At the beginning of May, I set my goal to piece a Storm at Sea wallhanging top. I am so glad I make it in time. It is not big, only 45 inches x 39 inches and it is not difficult. Just tedious. I am having a fabric moratorium this year (at least trying very hard to have one, LOL) so whatever I sew, I have to use my stash. I was using my blue scraps to sew the blocks when it dawned on me that I should turn to Google, my internet teacher, to look for inspiration. As I googled, I chanced upon Quilter’s Cache where I saw the Heart in the middle of the Storm at Sea pattern and I also saw Eugene’s block. So I decided to combine design elements from both and I came up with this.
Before arriving at this finished top, I had to audition different layouts and asked my husband and children for opinions. Below is a few pictures of my auditioning photos.
A layout without borders.
I was trying to see how it looks like with the stars at the borders, auditioning 2 shades of blue fabric.
Storm at Sea has been in my bucket list for the longest time. A good friend gave me a book, Calming the Storm, by Darlene Zimmerman and Joy Hoffman, published in 1996.

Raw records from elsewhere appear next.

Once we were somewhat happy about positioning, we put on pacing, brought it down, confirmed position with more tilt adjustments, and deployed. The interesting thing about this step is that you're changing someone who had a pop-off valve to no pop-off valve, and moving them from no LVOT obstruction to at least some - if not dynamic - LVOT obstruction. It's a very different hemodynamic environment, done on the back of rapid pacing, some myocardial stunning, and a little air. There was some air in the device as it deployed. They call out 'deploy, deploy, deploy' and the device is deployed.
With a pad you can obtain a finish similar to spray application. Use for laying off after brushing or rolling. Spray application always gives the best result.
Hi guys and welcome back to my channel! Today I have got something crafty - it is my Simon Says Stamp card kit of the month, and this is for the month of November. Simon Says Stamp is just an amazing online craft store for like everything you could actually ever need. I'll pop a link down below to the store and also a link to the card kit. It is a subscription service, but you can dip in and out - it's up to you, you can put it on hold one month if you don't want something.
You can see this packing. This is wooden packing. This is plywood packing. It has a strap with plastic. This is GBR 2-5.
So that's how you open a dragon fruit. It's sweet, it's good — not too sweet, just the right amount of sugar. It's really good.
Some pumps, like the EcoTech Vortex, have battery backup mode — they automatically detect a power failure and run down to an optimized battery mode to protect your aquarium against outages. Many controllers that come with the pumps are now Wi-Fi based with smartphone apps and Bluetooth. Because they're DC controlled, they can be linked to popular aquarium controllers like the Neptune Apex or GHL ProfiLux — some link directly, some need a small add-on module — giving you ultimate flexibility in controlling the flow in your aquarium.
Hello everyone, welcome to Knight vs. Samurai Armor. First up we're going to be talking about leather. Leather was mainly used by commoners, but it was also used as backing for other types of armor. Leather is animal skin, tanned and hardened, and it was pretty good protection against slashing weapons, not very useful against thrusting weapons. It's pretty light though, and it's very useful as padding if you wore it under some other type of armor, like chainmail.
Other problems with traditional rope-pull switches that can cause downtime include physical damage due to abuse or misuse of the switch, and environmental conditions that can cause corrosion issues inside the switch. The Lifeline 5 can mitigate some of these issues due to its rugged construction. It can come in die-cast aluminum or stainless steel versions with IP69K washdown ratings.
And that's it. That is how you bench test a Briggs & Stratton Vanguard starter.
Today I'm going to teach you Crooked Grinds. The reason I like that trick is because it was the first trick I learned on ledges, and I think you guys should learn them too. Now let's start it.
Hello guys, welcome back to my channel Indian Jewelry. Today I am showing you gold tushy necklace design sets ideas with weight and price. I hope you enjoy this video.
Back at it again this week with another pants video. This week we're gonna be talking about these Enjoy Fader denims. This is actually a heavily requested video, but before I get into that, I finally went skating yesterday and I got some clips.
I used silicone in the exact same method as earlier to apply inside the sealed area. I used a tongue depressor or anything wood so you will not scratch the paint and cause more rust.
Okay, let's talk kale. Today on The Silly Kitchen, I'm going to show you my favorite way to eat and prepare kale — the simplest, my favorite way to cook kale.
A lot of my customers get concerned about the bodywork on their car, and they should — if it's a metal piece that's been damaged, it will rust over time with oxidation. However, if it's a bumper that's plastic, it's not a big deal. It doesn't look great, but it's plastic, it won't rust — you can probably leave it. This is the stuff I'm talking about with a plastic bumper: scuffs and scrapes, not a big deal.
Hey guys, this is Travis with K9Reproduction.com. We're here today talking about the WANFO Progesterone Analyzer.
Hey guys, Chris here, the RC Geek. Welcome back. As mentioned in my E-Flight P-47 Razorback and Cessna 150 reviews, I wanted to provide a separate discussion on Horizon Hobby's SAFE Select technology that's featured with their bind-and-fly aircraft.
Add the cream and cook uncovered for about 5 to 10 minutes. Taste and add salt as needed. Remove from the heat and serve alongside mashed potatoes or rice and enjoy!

I fell in love with Storm at Sea because of this book. The patterns inside make use of the blocks in Storm at Sea. The book is definitely a source of inspiration but I did not follow the dimensions as given in the book. I was using Deb Tucker’s V Block ruler and Square 2 ruler so I had to make block sizes that the rulers support. I may just write a short tutorial in the future on how I construct my Storm at Sea using the dimensions I used, 3 inches finished V block, 3 inches finished Square in square the 6 inches finished Square in square for the bigger Square in square unit. When we combine these basic units together, we get a Storm at Sea block as follows.
In the Storm at Sea block above, I sewed up the 2 V blocks on the left of the block so that it looks like a diamond rect. The other 2 V blocks at the top right-hand side of the Storm at Sea block are not sewn together yet. I hope you can see the before sewn and after sewn effect of the V blocks. Then we just replicate this Storm at Sea block for as many times as we want to create the quilt size we desire.
I love to sew but I hate doing the math. As a result I ended up with a number of V block units and Square in square units unused. I may just combine these orphaned blocks to sew up another quilt, maybe a table runner. LOL.